Poor Miss Wyatt with none to live for—

    Loneliness frighted her wakeful night-time

    Horrible desires took shape in her sleep—

Poor Miss Wyatt with her sunken breast

Hated her neighbour with a dreadful zest,

Who was poor Mrs Leggatt the drunkard's wife:

For poor Mrs Leggatt knew all about life-

She had learnt on the grass, she had learnt in her bed,

She had learnt and learnt till she wished she was dead.

   

For poor Mrs Leggatt had weakly denied,

    But stick to her word the poor thing couldn't:

And poor Miss Wyatt had shrilly said: ‘No!'

    And though her lover pleaded the silly thing wouldn't.

The composition of this poem and the enchanted delight that an author may feel in the first flush of creation—but never again—occupied a large part of the journey. Racing against the coming night, the train roared through the northern marches and crossed the bridge at Berwick. Colder air blew through an open window. Scotland lay hidden in the early dusk of winter.

A tearing robustious wind greeted Magnus in Edinburgh. He drove to an hotel in George Street and after a little while went out again to look for Francis Meiklejohn.

The wind hurried him along Princes Street. It blew with a bellow and a buffet on his stern and half-lifted his feet from the pavement. It beat his ears with a fistful of snow, and clasped his ribs with icy fingers. It tore the clouds from the sky, and laid bare, as if beyond the darkness, the cold grey envelope of outer space. Heads bent and shoulder thrusting like Rugby forwards in a scrum, east-bound pedestrians
struggled against it, and westward travellers flew before it with prodigious strides. To the left, towering blackly, like iron upon the indomitable rock, was the Castle. To it also the storm seemed to have given movement, for as the clouds fled behind its walls the bulk of its ancient towers and battlements appeared to ride slowly in the wind's eye, as though meditating a journey down the cavernous channel of the High Street to Holyroodhouse, its deserted sister.

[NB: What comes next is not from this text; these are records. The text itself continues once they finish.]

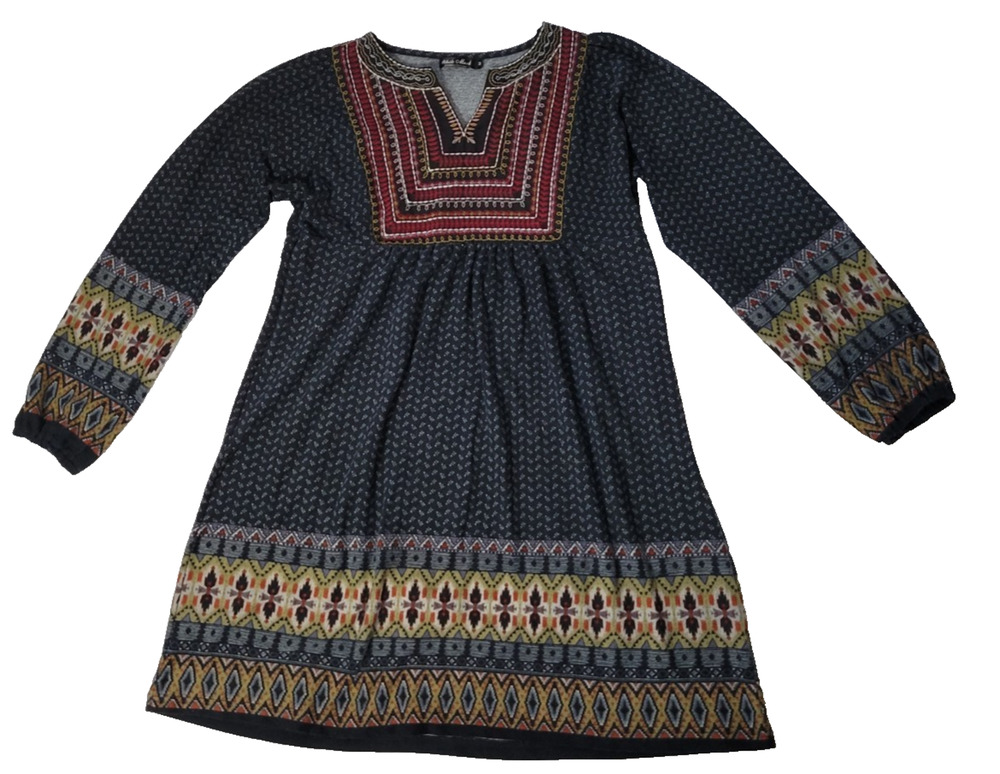 White Mark Womens M Black Embroidered Boho Long Sleeve Tunic Dress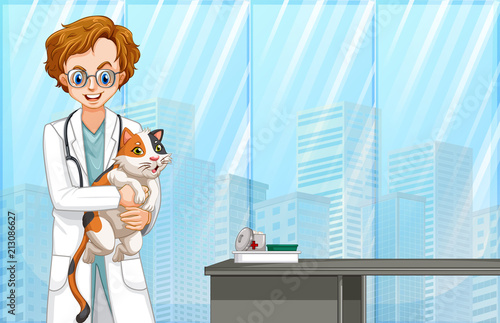 Vet and Cat at Hospital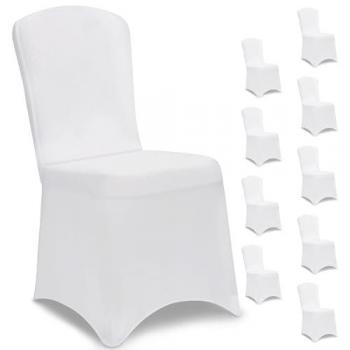 Housse de chaise blanche lavable, lot de 10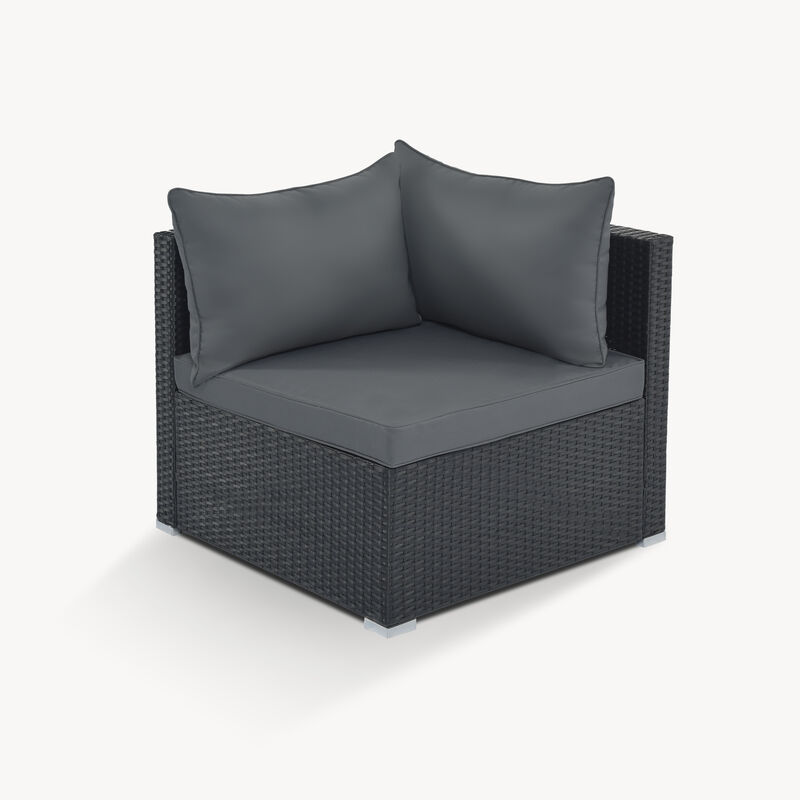 8-Pieces Outdoor Patio Furniture Sets, Garden Conversation Wicker Sofa Set, Single Sofa Combinable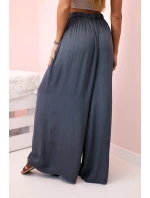 Dámske široké viskózové nohavice s elastickým pásom graphite Dámske široké viskózové nohavice s elastickým pásom graphite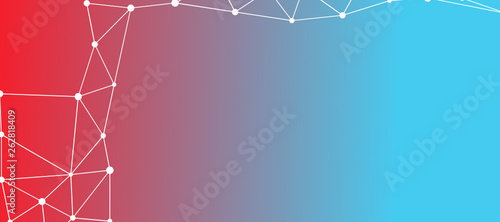 Abstrakt verbundene Punkte auf farbigem Hintergrund, technisch abstrakter Hintergrund. Technologiekonzept, LowPoly, Polygone, Dreiecke, Netzwerk, Soziales Netzwerk, IOT, Internet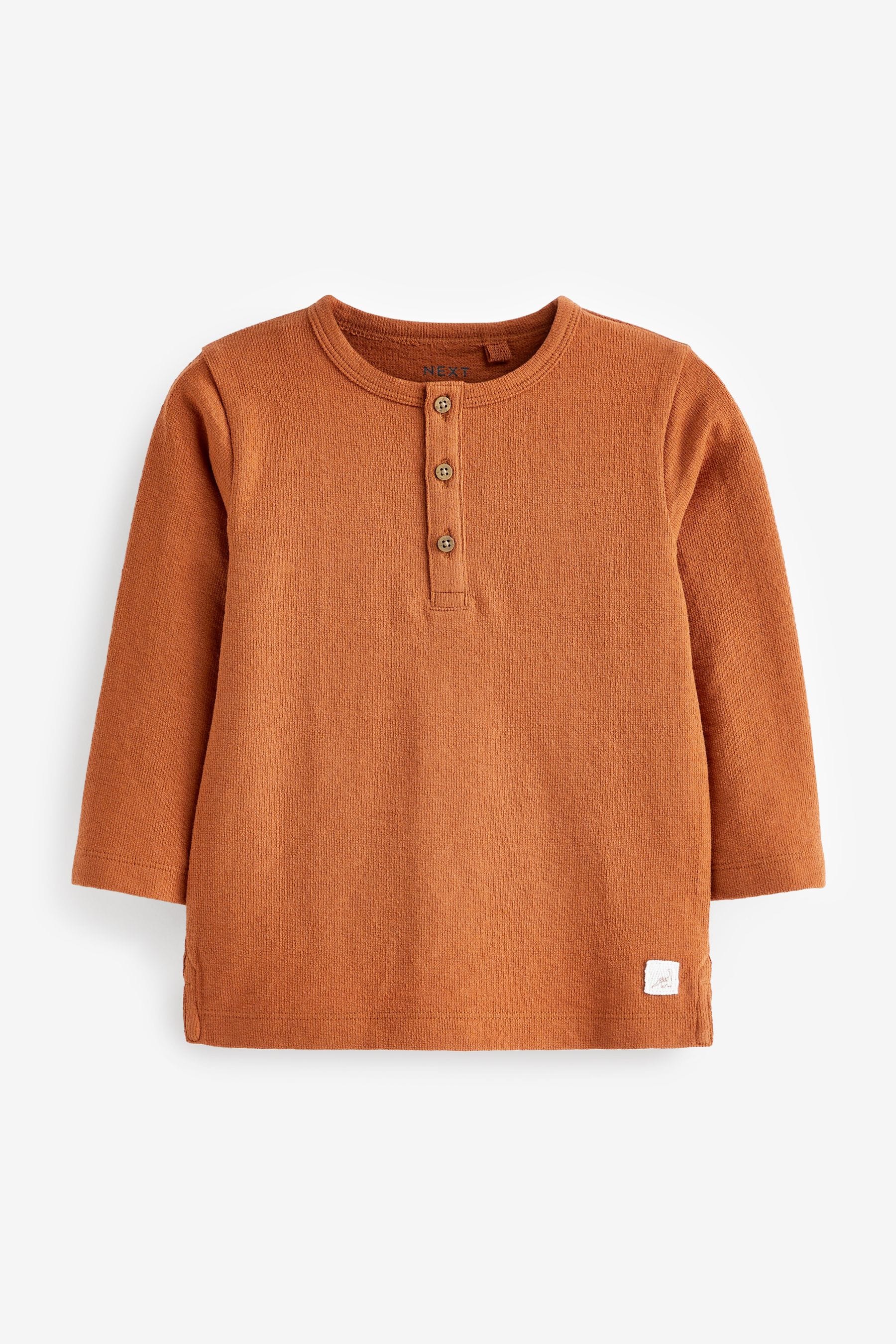 Rust Brown Long Sleeve Henley Neck T-Shirt (3mths-7yrs)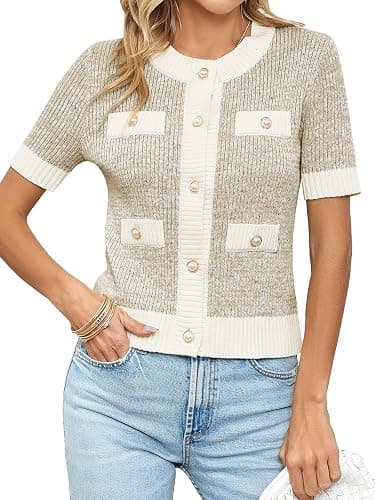Langwyqu Womens Short Sleeve Button Down Cardigans Sweater Cropped Lightweight Crew Neck Elegant Tops - Image 1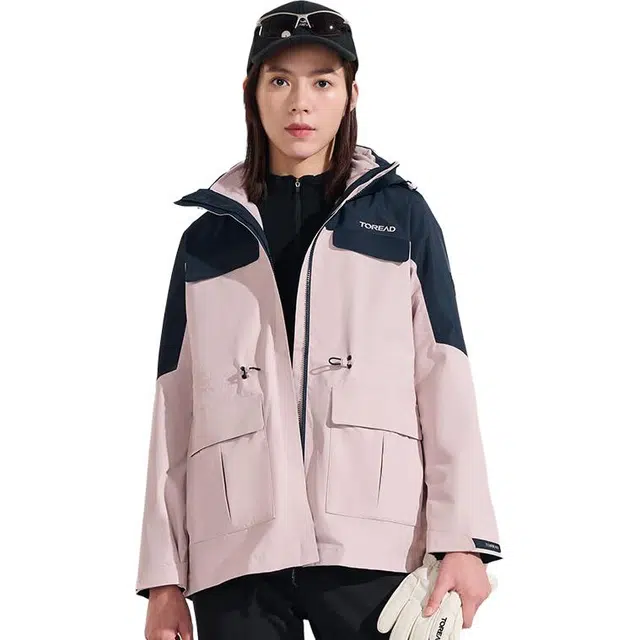 探路者  休闲舒适字母三合一  防风耐磨保暖防静电冲锋衣 女款 陶瓷粉蓝色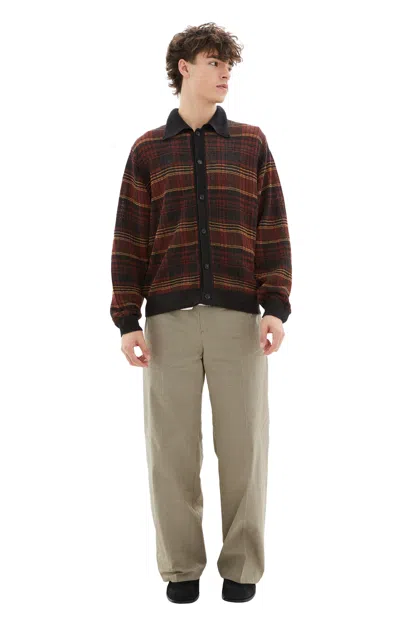 Our Legacy Checked Intarsia-knit Hemp Cardigan In Multicolour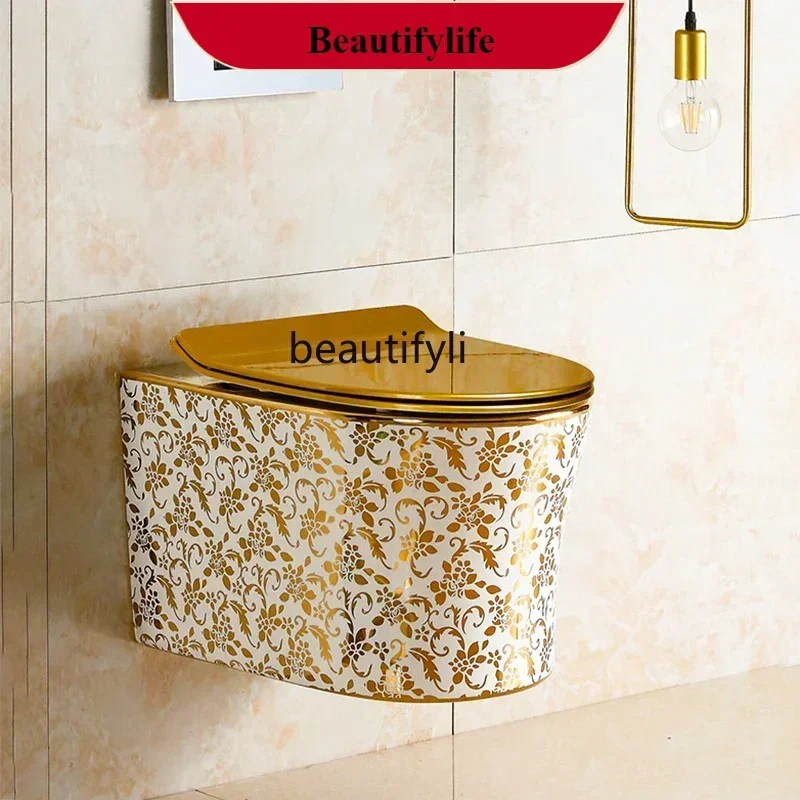 

Z189 Золотой унитаз, настенный подвесной унитаз, местный тиран, золотой и серебряный, скрытый резервуар для воды, унитазAsmt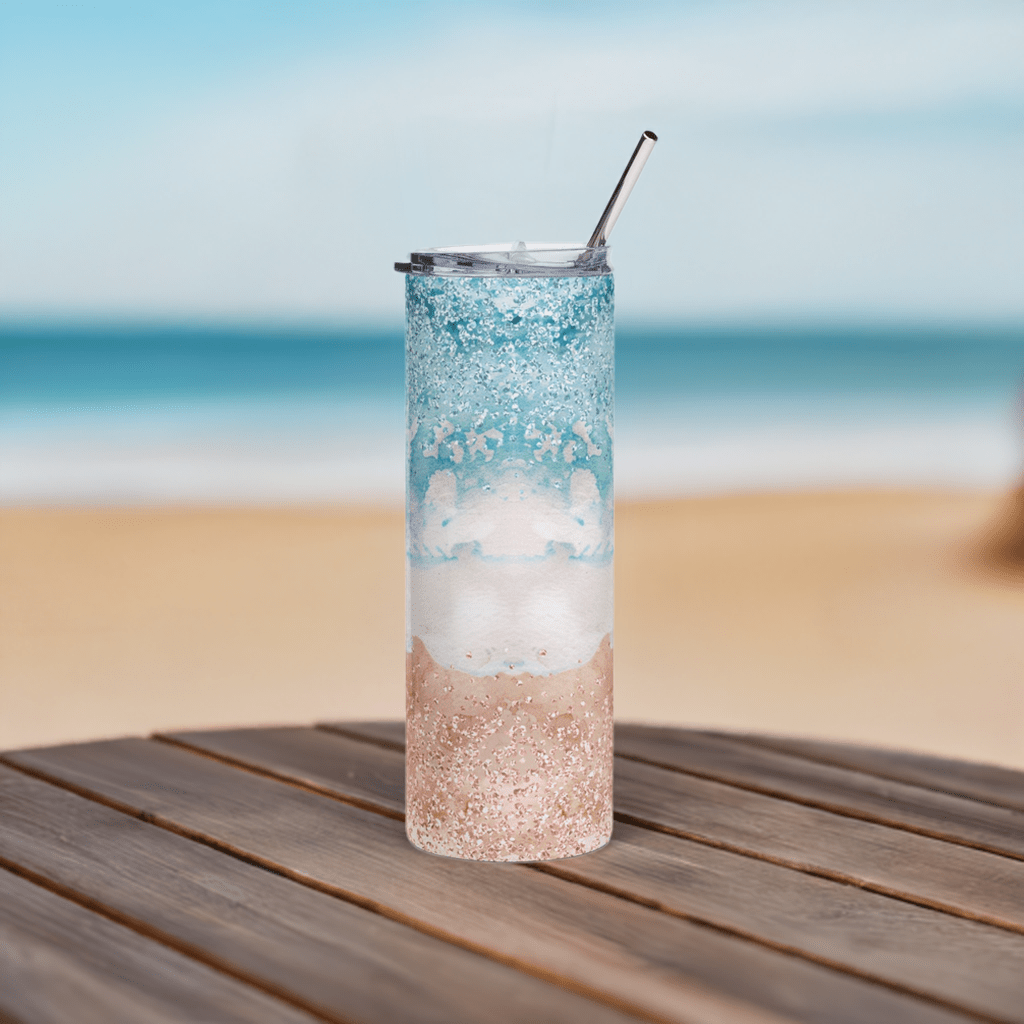 Beach Glitter 20 oz Skinny Tumbler - Canvasses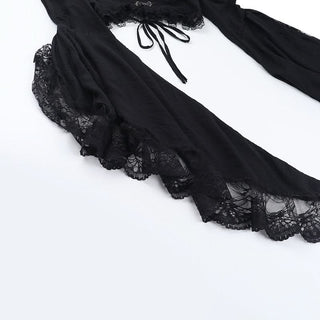 Long flared sleeve lace hem shrug top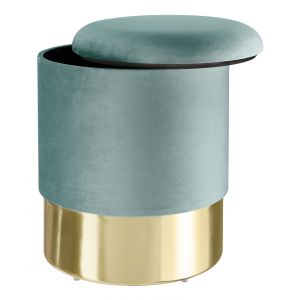 Image de TecTake Pouf coffre de rangement aspect velours SARINA - tabouret bas, tabouret design, petit tabouret - turquoise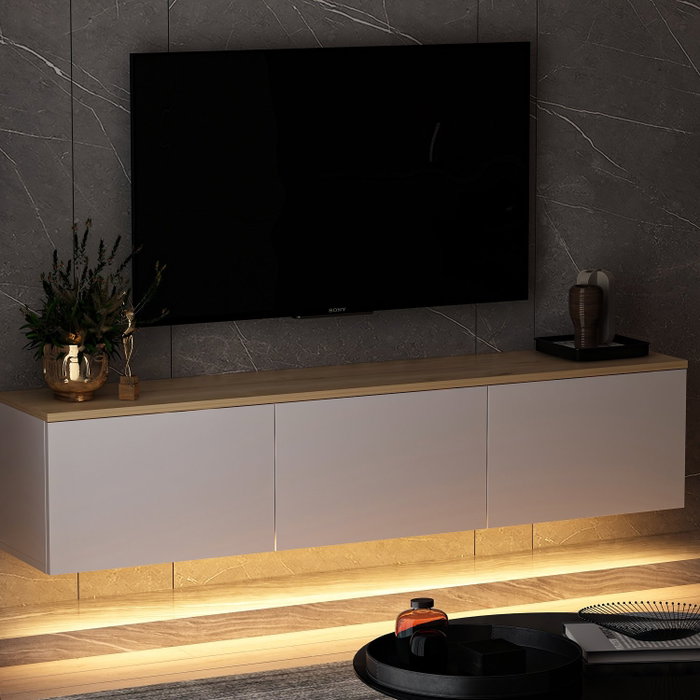 Hanah Home Soporte para TV Neon - White v2 Blanco y Roble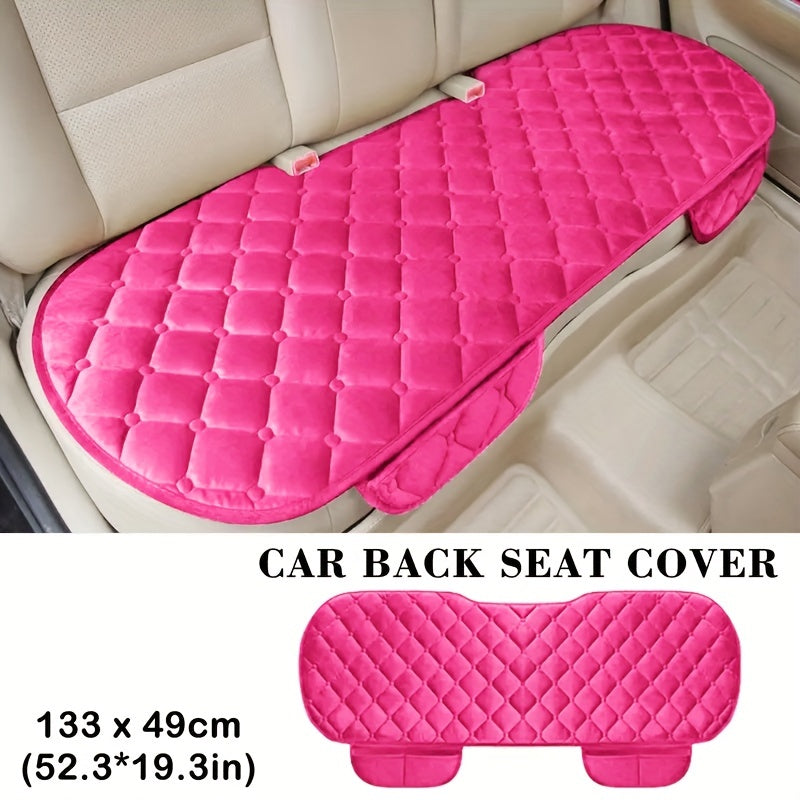 Car Back Seat Cover – Plush Rear Protector Mat, Non-Slip Auto Chair Cushion Accessories for Back Row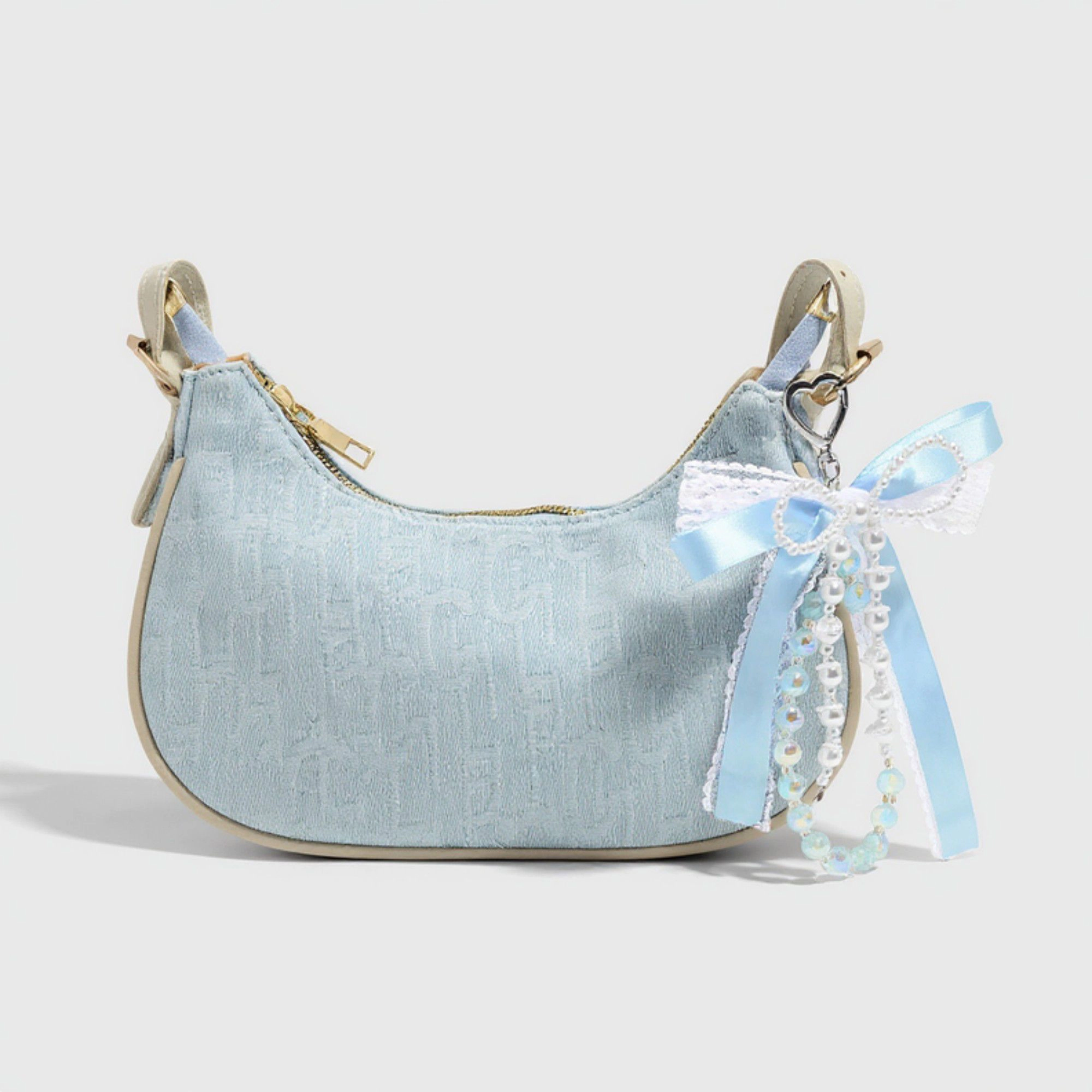 Alilang Women's Blue Ribbon Keychain with Pearl Bow and Iridescent Beaded Star Charms
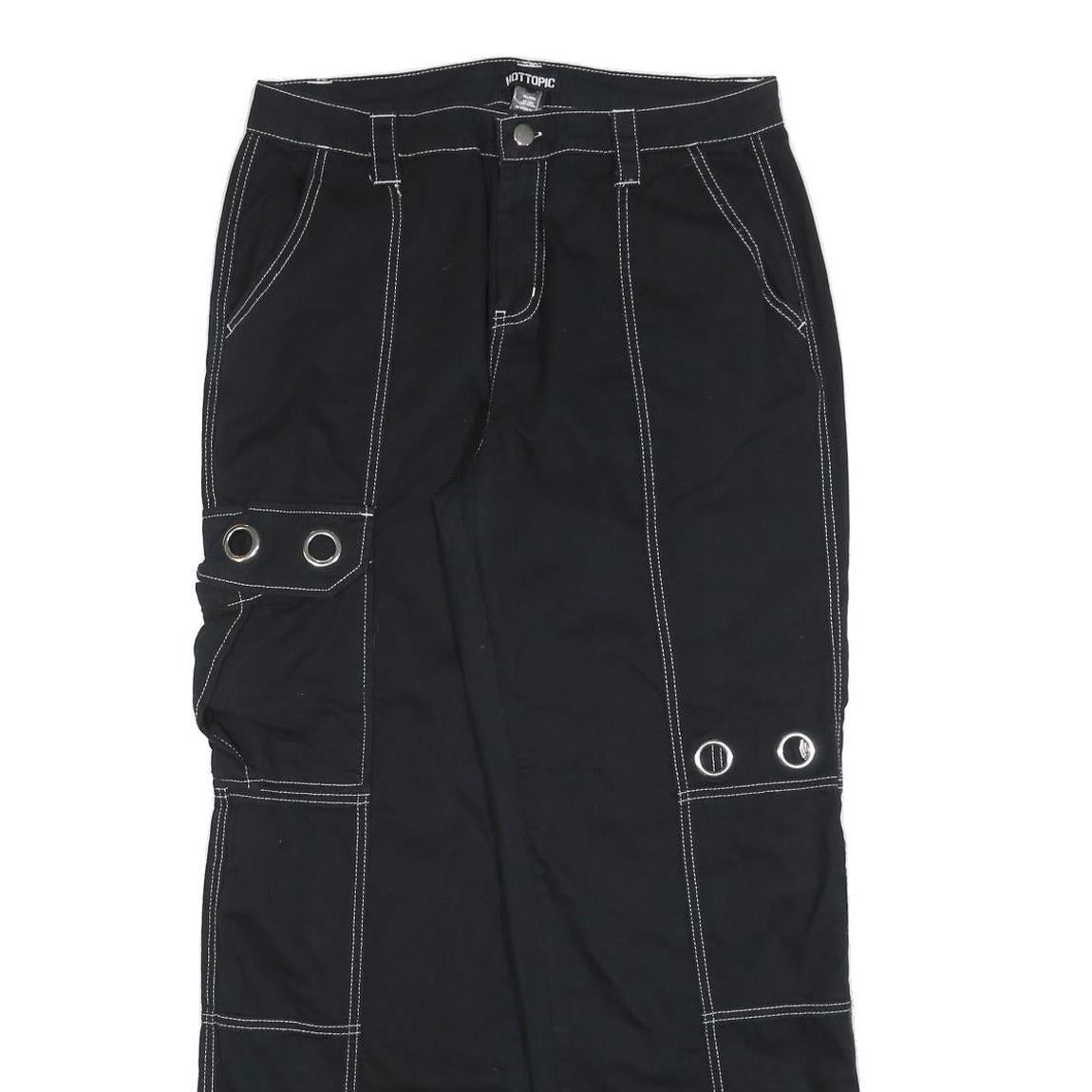 HOT TOPIC Womens Black Cotton Blend Relaxed Cargo Trousers W32 L30 Contrast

Magnus tingled to the heart with cold and his spirit soared in pride. He was in Scotland again. He had come home after far voyaging, and the ghosts of his own country thronged about him. Out of its bloody history came figures armour-clad and tartan-breeched. Now the wind carried a noise of swords, and now its speed was the naked charging of the clans down a bare hillside. It slackened for a moment to sing a dirge in the chimney-tops, and cry in a stony coign the dolorous rhyme of Flodden and Culloden. It roared against high walls as though against the sails of a great ship. Far to the north and the west the islands of Scotland lay like the lost galleys of the Norsemen, and like them were lashed by the ceaseless waves. Pine-forests bent to the storm, and the mountains divided the blast to shout over frozen corries the wildness of their Gaelic names.

It is no niggard welcome that winter finds in Scotland, but every room is opened to its bitter violence as freely, as generously, as later they are opened to the daedal beauty and soft airs of spring.